I opened my mouth to argue, to tell her off, and then something just clicked. Deep in the base of my brain, deep in my chest.
Maplethorpe.
Her gray eyes, her smart mouth, her sweet body that she didn’t bother to show off. The way her brows drew down when she was mad. The way she lit up from within when she listened to good music. The way she burrowed under the covers every night, then couldn’t stop herself from staring at me as I walked past her bed. The way she’d never caught on that I’d had to go out and buy clothes to wear to bed when we checked into our room the first time, because I was embarrassed by the boxer shorts I usually slept in.
It had taken her until today to figure out that I hadn’t just happened upon her in the parking lot in New Orleans. That I’d already been watching her by then. For longer than I cared to admit.
Jesus, Maplethorpe.
Fuck, I missed her.
She had no clue.
Maybe, just maybe, it was time that I gave her one.

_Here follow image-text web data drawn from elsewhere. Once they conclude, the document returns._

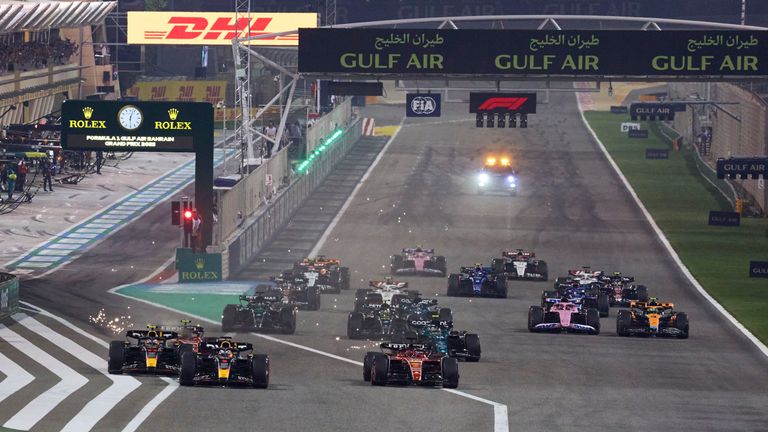 Bahrain GP start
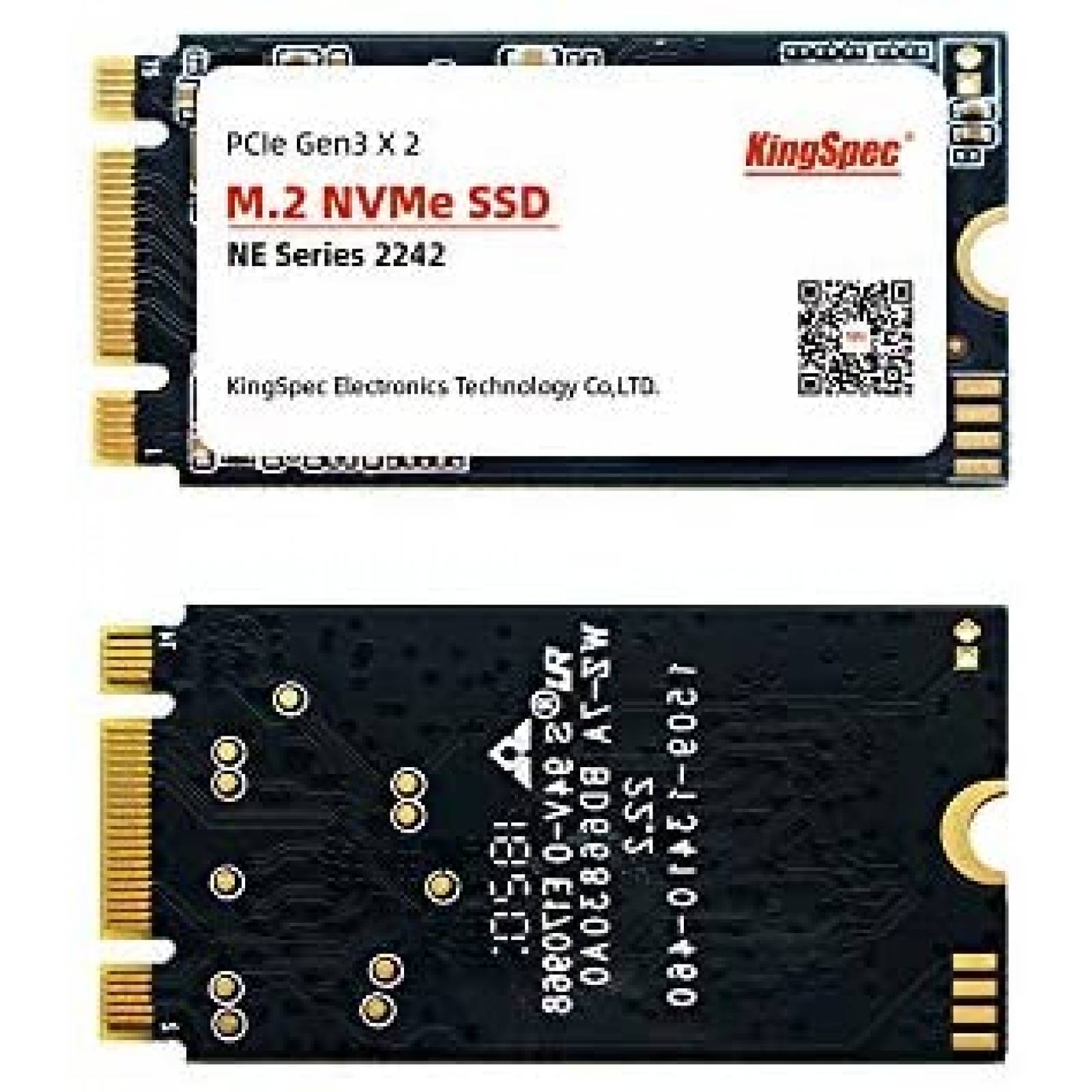 SSD Interno KingSpec 128GB M.2 2242 NVME PCIE 42mm -Blanco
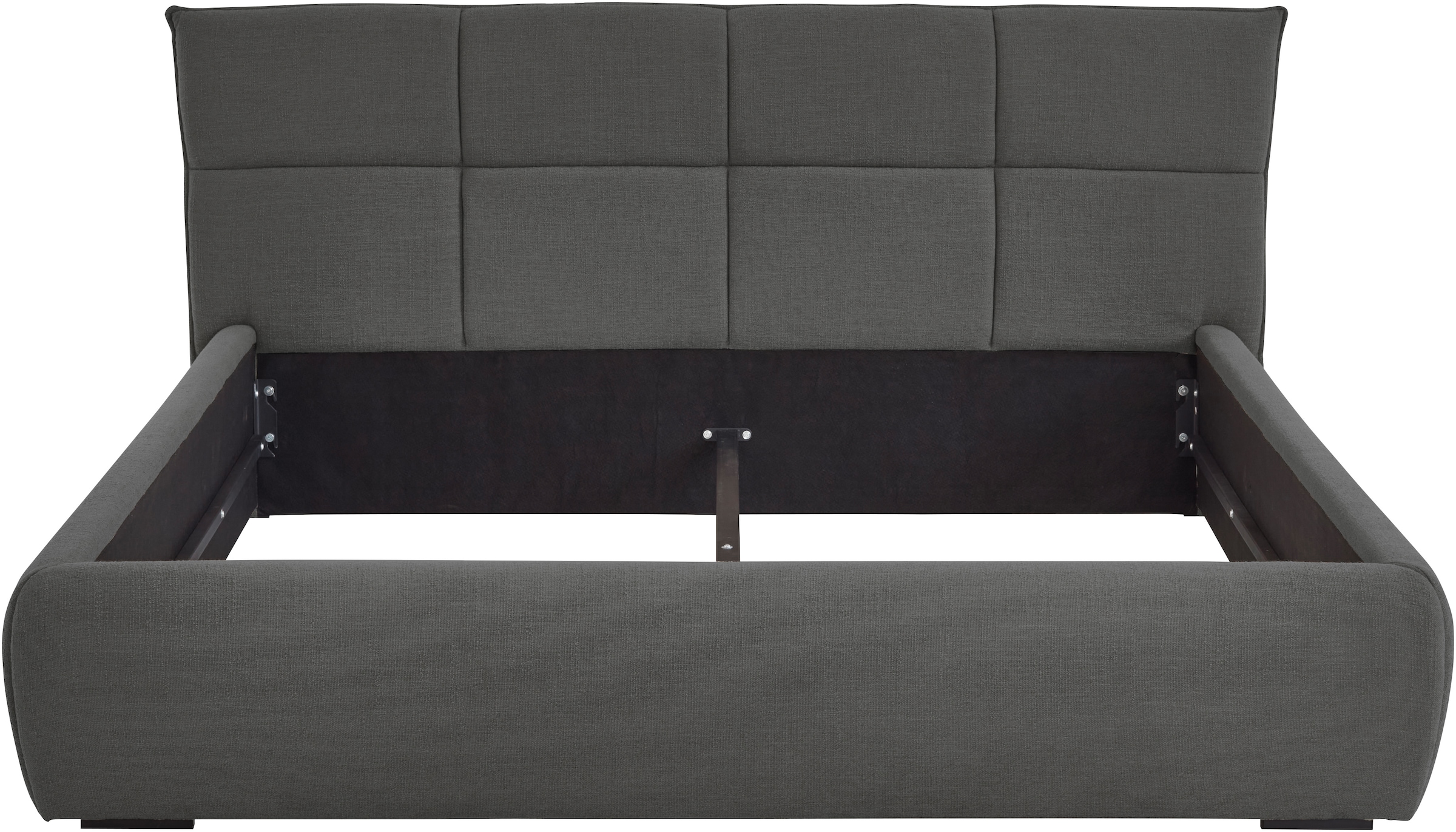 ATLANTIC home collection Polsterbett »Narin in verschiedenen Größen« Polsterbett, Bezug mit Bouclé Charakter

“You’re right,” I said to Angie. “I should tell her everything.”
“Really?” Angie smiled. “I’m glad we agree. Or are you just telling me what I want to hear so I’ll leave you alone?”
“No.” That tactic was one I wasn’t above using, but not this time. “I’ll actually do it. I’ll talk to Sienna Maplethorpe. I’ll tell her anything she asks me, anything she wants to know. Even the bad stuff.”
She looked thoughtful. “Well. I don’t want to give advice, but maybe leave the bucket story out. Okay?”
I smiled at her. “Sure,” I said. “I’ll find plenty of other things to say.”